BigQuery ML Example

November 12, 2022

Here is an example of how to use BigQuery ML on a public dataset to create a logistic regression model to predict whether a user will click on an ad:

# Import the BigQuery ML library
from google.cloud import bigquery
from google.cloud.bigquery import Model

# Get the dataset and table
dataset = bigquery.Dataset("bigquery-public-data.samples.churn")
table = dataset.table("churn")

# Create a model
model = Model('my_model',
              model_type='logistic_regression',
              input_label_column='churn',
              input_features_columns=['tenure', 'contract', 'monthly_charges'])

# Train the model
model.train(table)

# Make a prediction
prediction = model.predict(STRUCT(tenure=12, contract='month-to-month', monthly_charges=100))

# Print the prediction
print(prediction)

This code will first create a logistic regression model named my_model. The model will be trained on a public dataset called bigquery-public-data.samples.churn. The churn dataset contains data about customer churn, with the churn column indicating whether a customer has churned. The tenure, contract, and monthly_charges columns are the input features columns.

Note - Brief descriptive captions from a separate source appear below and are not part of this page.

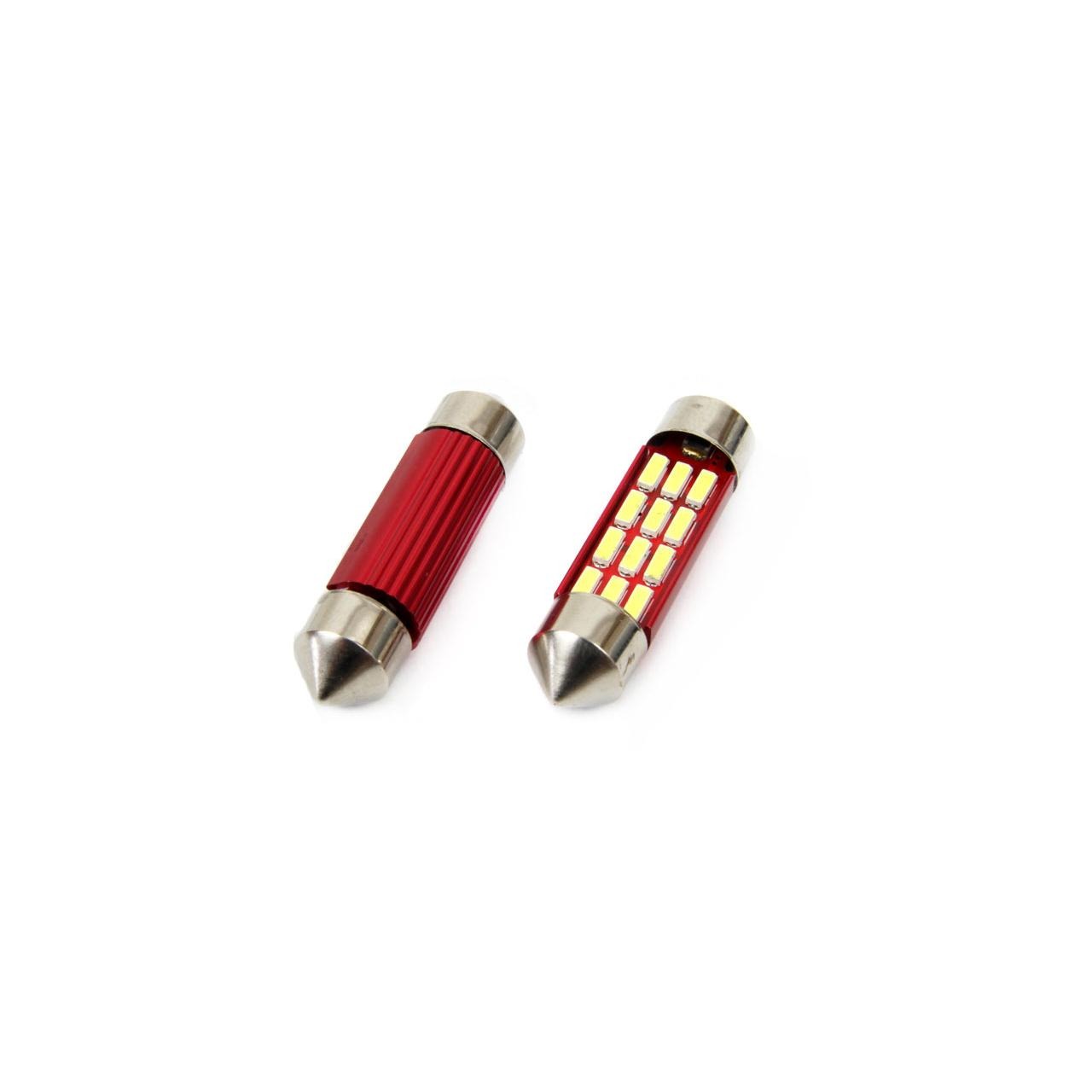 Set becuri auto cu LED CANBUS sofit compatibil C5W 12 SMD 39mm Alb 12/24V, destinat competitiilor auto sau off-road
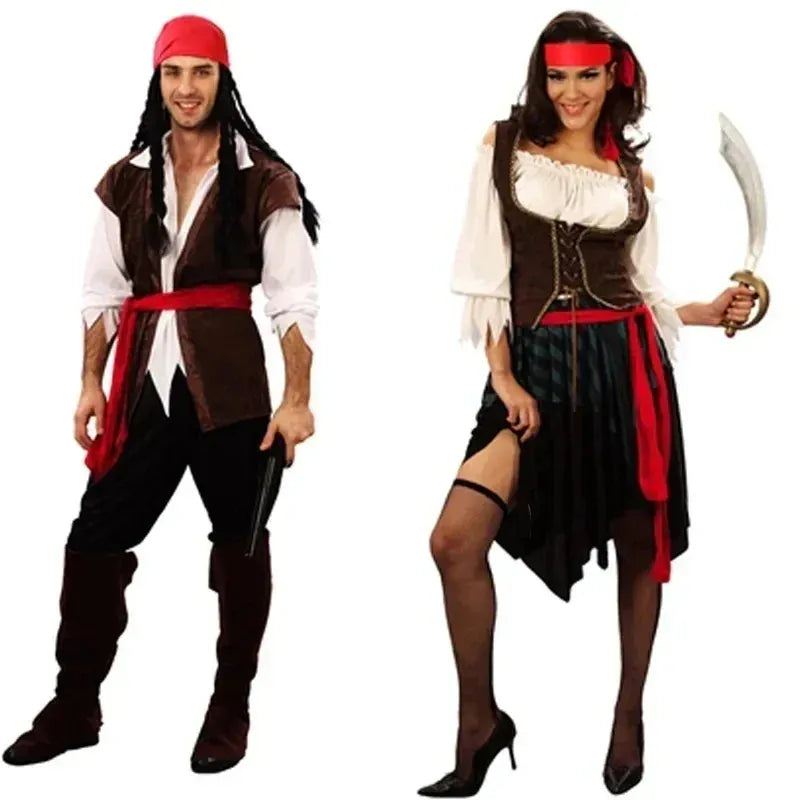 Costume pirate chic pour homme, parfait pour un cosplay d'aventure ou une soirée costumée.
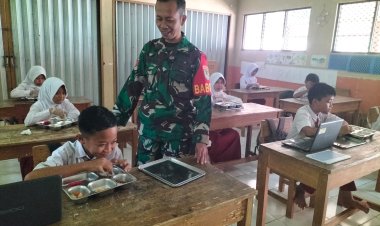 Babinsa Koramil 0105/Mandalawangi Laksanakan Pendampingan Program Makan Bergizi Gratis (MBG) di Wilayah Kecamatan Mandalawangi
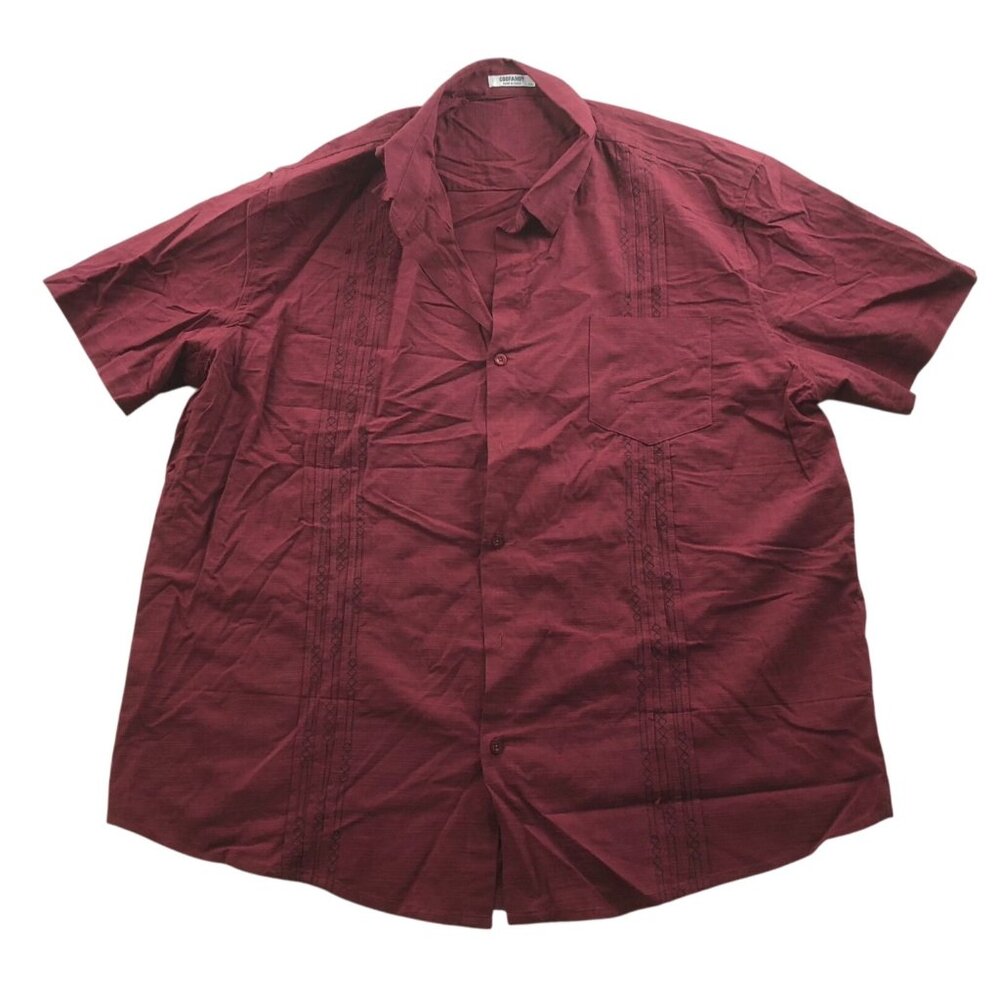 Coofandy Mens Shirt Size XXL Short Sleeve Button Up Shirt Red Classic Casual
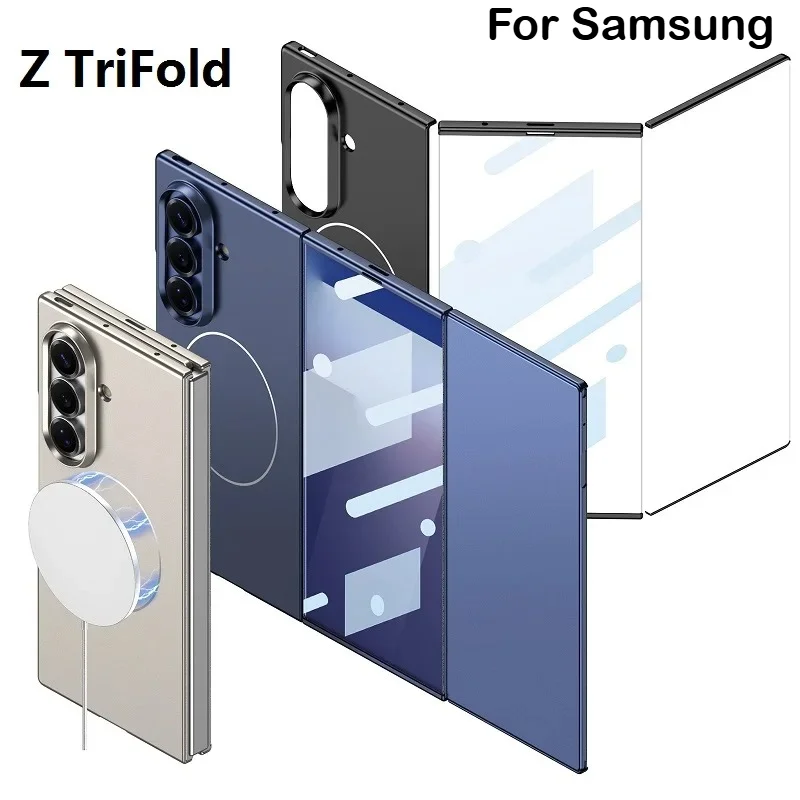 

Ultra-thin Matte for Magsafe Magnetic Case for Samsung Galaxy Z Tri-Fold Hard PC Full Edge 9H Clear Glass Screen Protector Cover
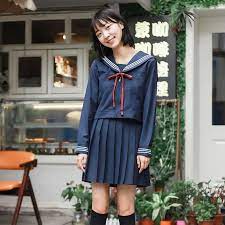 夏季日系jk制服三本軟妹關西襟短長袖水手服學生裝校服班服套裝女 style long sleeve dress dresses with sleeves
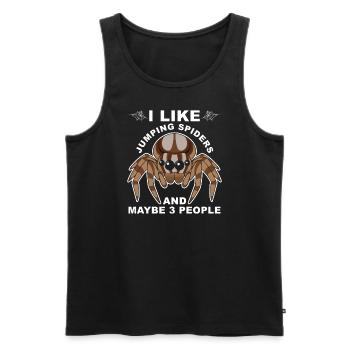 Springspinne Spruch - Männer Premium Bio Tank Top - Schwarz - Vorne - AI Model Male 178 light (178cm)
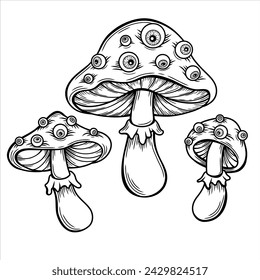 poison mushroom fly agaric, amanita vector hand drawn illustration tattoo sketch style isolated on white. Magic mushroom with eyes, hallucinations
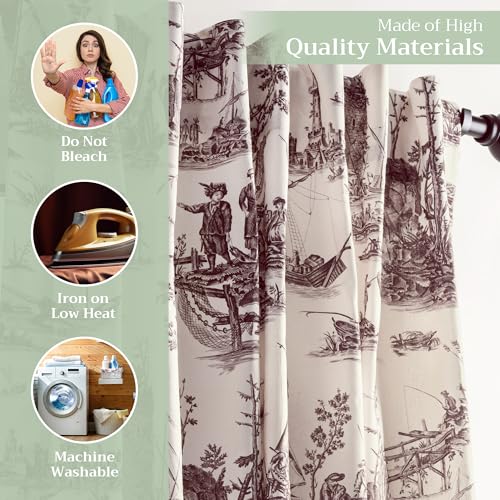 Image of Maison d' Hermine Curtains for Living Room 100% Cotton 50 inchx84 inch (Pack of 1) | 84 inches long Light Filtering Toile Curtains for Windows with Rod and Loop Pockets - Calais - Charcoal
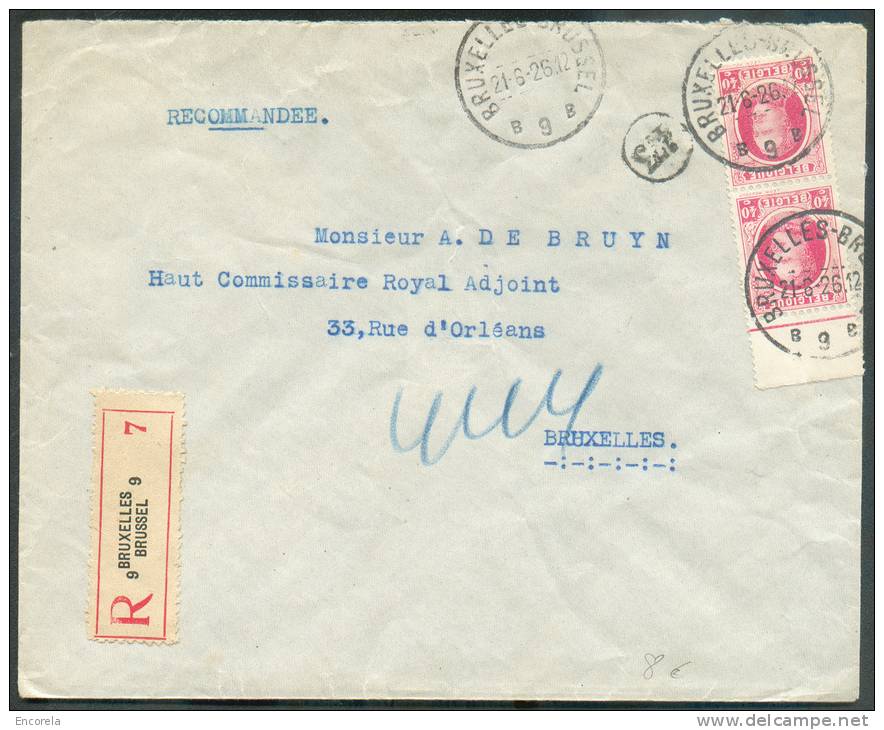 N°202(2) - 40 Centimes Houyoux En Paire (bdf) Obl. Sc BRUXELLES 9 S/L. Recommandée Du 21-6-1926 Vers La Ville - 7778 - 1922-1927 Houyoux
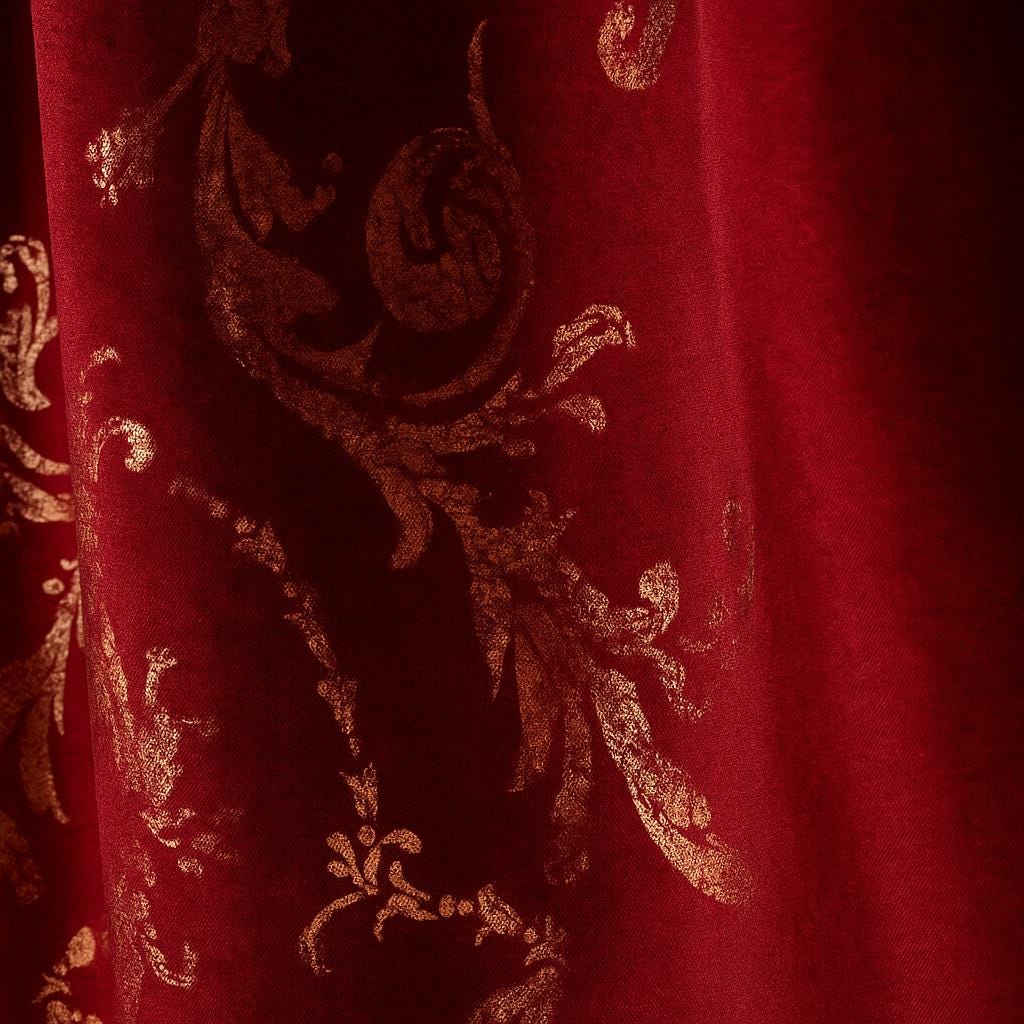 Luxury Dark Red Velvet Curtains With Gold Accents, Made to Order Heavy ...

Once the model is trained, the code will then use the model to make a prediction about whether a user with 12 months of tenure, a month-to-month contract, and monthly charges of $100 will churn. The prediction will be stored in the prediction variable.

To run this code, you will need to have a BigQuery account and have enabled the BigQuery ML API. You can then run the code in the BigQuery console or in a Jupyter notebook.

Once you have run the code, you will see the prediction. The prediction will be a boolean value, indicating whether the user is predicted to churn or not.